But an undeterred Corbyn kept at Cameron and blasted the prime minister for not directly answering his questions. "It's very interesting that the prime minister still refuses to answer the fundamental question," he said. "This is not a constitutional crisis, this is a crisis for three million families in this country – for three million families who are very worried about what is going to happen next April [2016]."
The Labour leader then pressed Cameron on Michael Gove's pre-election promise that tax credits would not be cut if the Conservatives gained power. But the prime minister claimed his party had not broken the pledge because the Tories had also promised to slash £12bn ($18bn) from the government's welfare budget.

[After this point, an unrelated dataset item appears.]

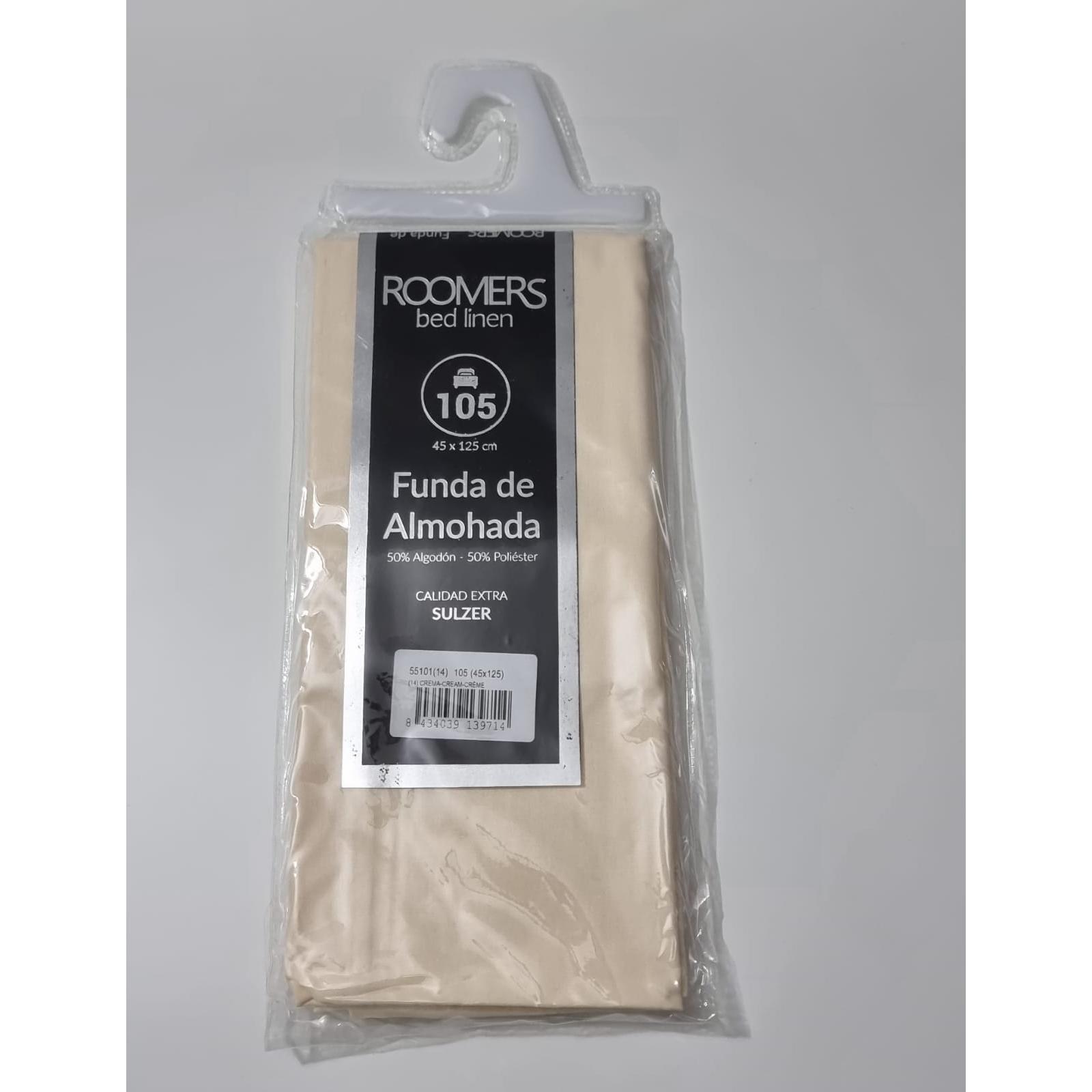 ROOMERS - Funda de almohada extra larga 45x125 cm, tejido suave 50% algodón + 50% poliéster, diseño ajustado para camas de 105 cm de Ancho , disponibles en gris oscuro, crema, rosa y malva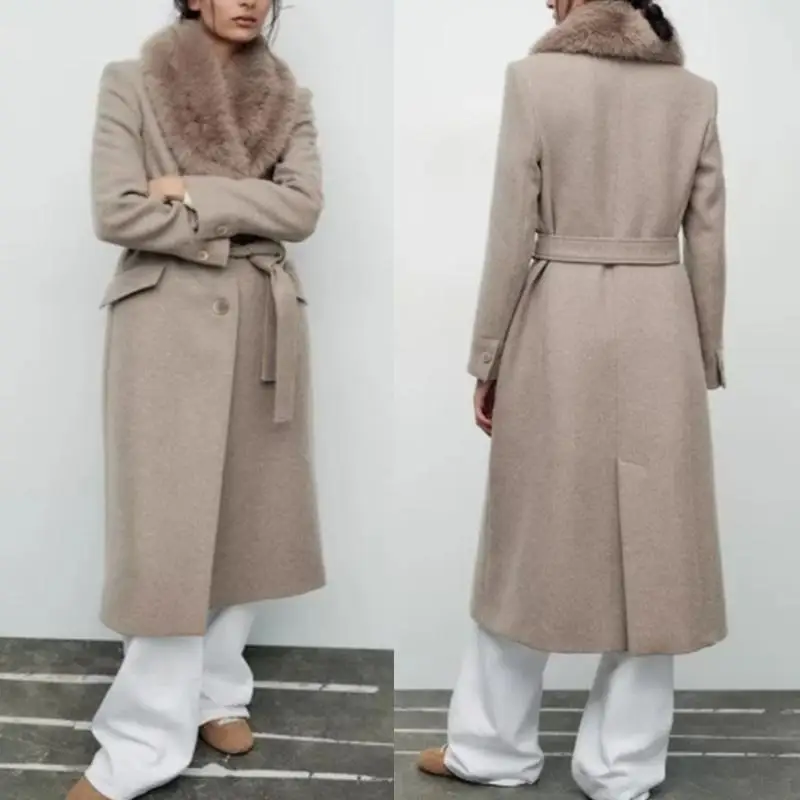 New Women's High-End Fake Fur Collar Long Coat with Belt Elegant Commute Style Straight Cut Long Sleeve Winter Outerwear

"The point is this: If we want to get our deficit down, if we want to secure our economy, if we want to keep on with secure growth, we need to make savings in welfare. Now, even with his deficit denying, borrow forever plan, presumably he has to make some savings in public spending?" Cameron argued.
"If you don't make savings, you end up cutting the NHS, you end up cutting even more deeply policing budgets – those are the truths. When is he going to stop his deficit denial, get off the fence and tell us what he would do?"
The comments come after Cameron promised a "rapid review" of the upper chamber after the peers inflicted an embarrassing defeat on his government and in doing so, the Lords challenged the supremacy of the House of Commons in parliament's legislative process.